Yeah that's what I was thinking. But.. I think we missed something. Notice in Figure 2 where they talk about what happens when the source and target streams are of different length. As when the German source sentence ends before the English target. They say they simply don't condition the decoder on the source any more. Which means the source contribution can just go away. So what would we do in our concatenation scheme? Maybe we could just set the missing source contribution to zeros. Or we could go back to your idea 1, and instead of concatenating, sum s and t. That "feels" like it might be better to me, since they would have the same embedding space.. and would make more sense for the source contribution to just go away... maybe?

NickShahML commented 7 years ago

They say they simply don't condition the decoder on the source any more. Which means the source contribution can just go away. So what would we do in our concatenation scheme? Maybe we could just set the missing source contribution to zeros. Or we could go back to your idea 1, and instead of concatenating, sum s and t. That "feels" like it might be better to me, since they would have the same embedding space.. and would make more sense for the source contribution to just go away... maybe?
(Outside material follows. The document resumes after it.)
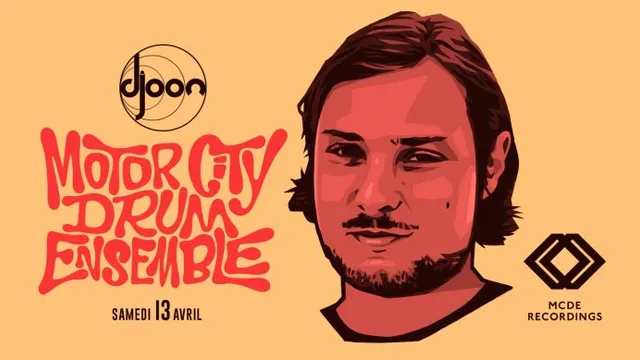 Motor City Drum Ensemble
@jyegerlehner I pretty confident that in the case where you run out of source input timesteps, they pad the actual source network inputs with zeros. From the paper:

At each step the target network takes as input the corresponding column of the source representation until the target network produces the end-of-sequence symbol. The source representation is zero-padded on the fly: if the target network produces symbols beyond the length of the source sequence, the corresponding conditioning column is set to zero. In the latter case the predictions of the target network are conditioned on source and target representations from previous steps. Figure 2 represents the dynamic unfolding process.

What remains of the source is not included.